CPU times: user 15.5 s, sys: 1.48 s, total: 17 s
Wall time: 44.5 s


### Difference in NDVI between 1988 and 2017

The change in Walker Lake as viewed using the NDVI can be shown by subtracting the NDVI recorded in 1988 from the NDVI recorded in 2017:

In [15]:
diff = hmap['1988'].data - hmap['2017'].data
difference = gv.Image(diff, crs=crs, kdims=['lon', 'lat'], vdims=['ndvi'])
difference = difference.relabel('Difference in NDVI').redim(ndvi='delta_ndvi')

In [16]:
%%time
display(rasterize(difference).redim.range(delta_ndvi=(-1.0,1.0)).opts(cmap=coolwarm))
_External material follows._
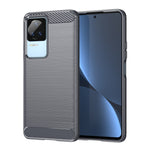 Custodia per telefono TPU in fibra di carbonio con trama spazzolata, For Xiaomi Poco M3 Pro 5G, For Xiaomi Poco X3 GT, For Xiaomi Poco X4 NFC 5G, For Xiaomi Poco M4 Pro 5G, For Xiaomi Poco F4, For Xiaomi Poco X4 Pro 5G, For Xiaomi Poco M4 Pro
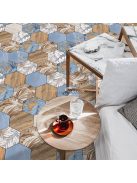 11db Színes öntapadó hatszögletű padlómatrica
CPU times: user 1.87 s, sys: 105 ms, total: 1.98 s
Wall time: 3.63 s


You can see a large change (positive delta) in the areas where there is water, indicating a reduction in the size of the lake over this time period.

## Slicing across `lon` and `lat`

As a final example, we can use the `sample` method to slice across the difference in NDVI along (roughly) the midpoint of the latitude and the midpoint of the longitude. To do this, we define the following helper function to convert latitude/longitude into the appropriate coordinate value used by the `DataSet`:

In [17]:
def from_lon_lat(x,y):
    return crs.transform_point(x,y, ccrs.PlateCarree())

lon_y, lat_x = from_lon_lat(-118, 39)  # Longitude of -118 and Latitude of 39

In [18]:
%%time
display((difference.sample(lat=lat_x) + difference.sample(lon=lon_y)).cols(1))

CPU times: user 374 ms, sys: 12.5 ms, total: 386 ms
Wall time: 479 ms